Cependant, le film dans son ensemble possède un certain charme par sa volonté de renouveler un cinéma de genre européen à l’agonie. Et sa réalisation (on voit que le film avait un budget conséquent malgré les 1001 défauts visibles) reste très correcte. Plus qu’un nanar, ce serait plutôt un film kitsch assumé.

Le dernier la soirée est encore au-dessus du niveau des deux autres !

Nanar ultime, Mars men est un OFNI taïwanais et une expérience à vivre dans un cinéma tant cela reste unique (pas sûr qu’on rigole devant son DVD – le film est ressorti chez Bach Films en 2014). Le film se compose de deux parties : une première de type classique où les personnages principaux (un petit garçon et son grand-père, des scientifiques) comprennent que des monstres menacent la Terre et que celle-ci (enfin des maquettes) va être en partie détruite.
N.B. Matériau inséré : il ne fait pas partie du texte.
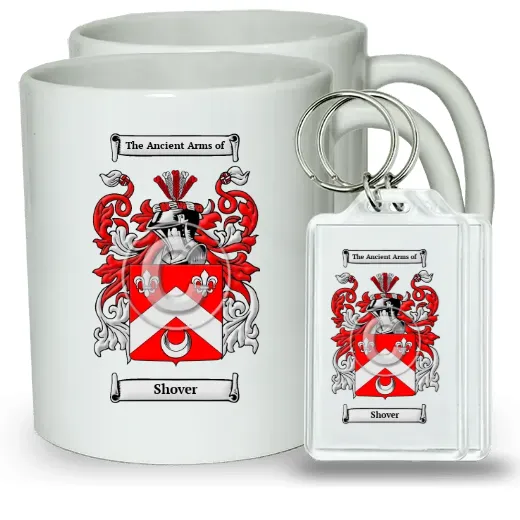Shover Pair of Coffee Mugs and Pair of Keychains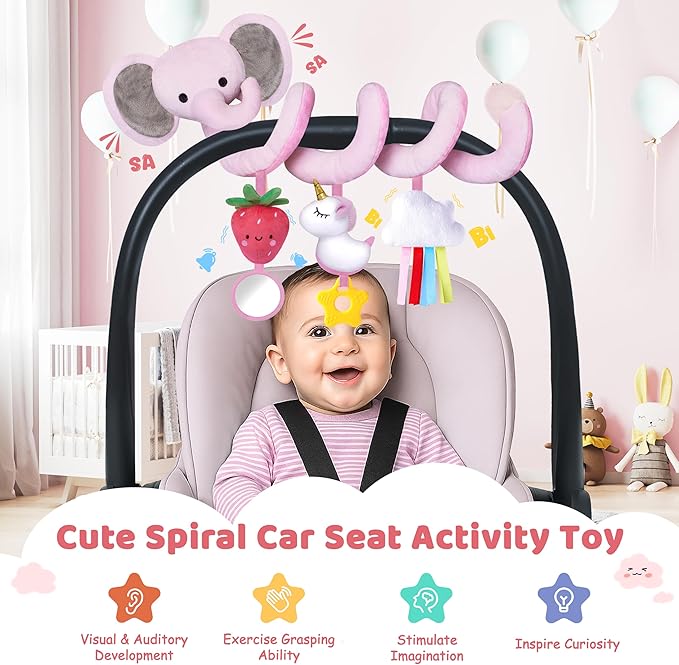 Stuffed Spiral Car Seat Toys for Baby Girls 0-6 Months, Perfect Newborn Gifts for Girls Essentials, Cute Pink Elephant Strawberry Hanging Plush Items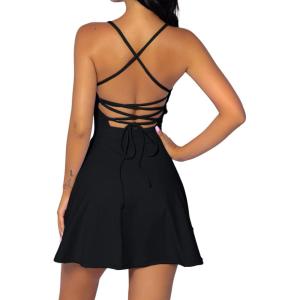 QINSEN Womens Two Pieces Tennis Dress with Shorts Workout Open Back Active Golf Dresses(Black)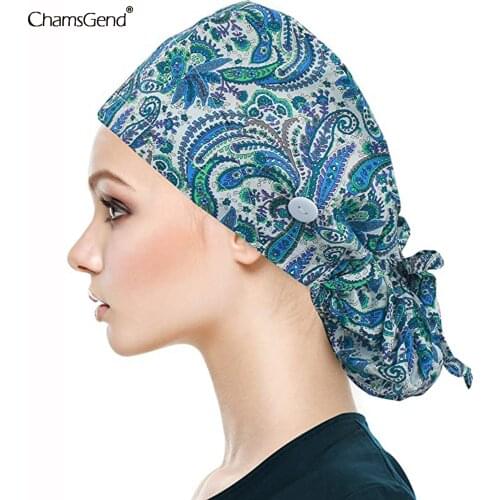 New Scrub Nurse Hat Surgicals Cap Floral Bouffant Cap Fashion Multicolor Nurse Scrub Cap Adjustable Pet Shop Chef Work Hat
Une deuxième partie où l’on voit des monstres géants (des comédiens dans des déguisements en plastique) s’affronter afin de définir si la Terre sera détruite ou non. On y trouve aussi : des méchants, le chef avec sa perruque rousse (pourquoi ce choix ?) et son premier ministre face à la statue du temple (divinité thaïlandaise trouvée par le petit garçon au début du film) et Astronaute (robot envoyé par les USA).

mars-men

On a d’abord droit à un nanar classique : une VF improbable, peu de moyens, des décors scientifiques pas crédibles, un réalisateur qui s’attarde sur le talon d’une chaussure qui se détache pendant qu’une ville est détruite ( ???), des dialogues sans intérêt. Puis, la suite dépasse tout raisonnement : elle se résume à un combat entre les géants monstres gentils d’un côté, et les méchants de l’autre. Les souvenirs de X-Or reviennent par vague. Ces combats sont longs, ponctués de discours improbables des monstres. La mise en scène ne s’occupe pas de la crédibilité du scénario : des comédiens grimés en costume de polystyrène se battent pendant 45 minutes avec une bande son qui a fait perdre 40 % des capacités auditives à la salle. Drôle mais éprouvant. Un détail peu abordé : le réalisateur s’est permis d’utiliser le début du morceau de Dark Side of the Moon, une bonne dizaine de fois sans vraiment que cela soit justifié.

Le public est éreinté par ces 7 heures de nanars et chacun rentre chez soi avec en tête la bande-son de Mars men (impossible de faire autrement).

L’année prochaine, ce sera la dixième édition du FEFFS et pour marquer le coup, la nuit excentrique (qui a remplacé la nuit nanar) risque d’être encore plus folle.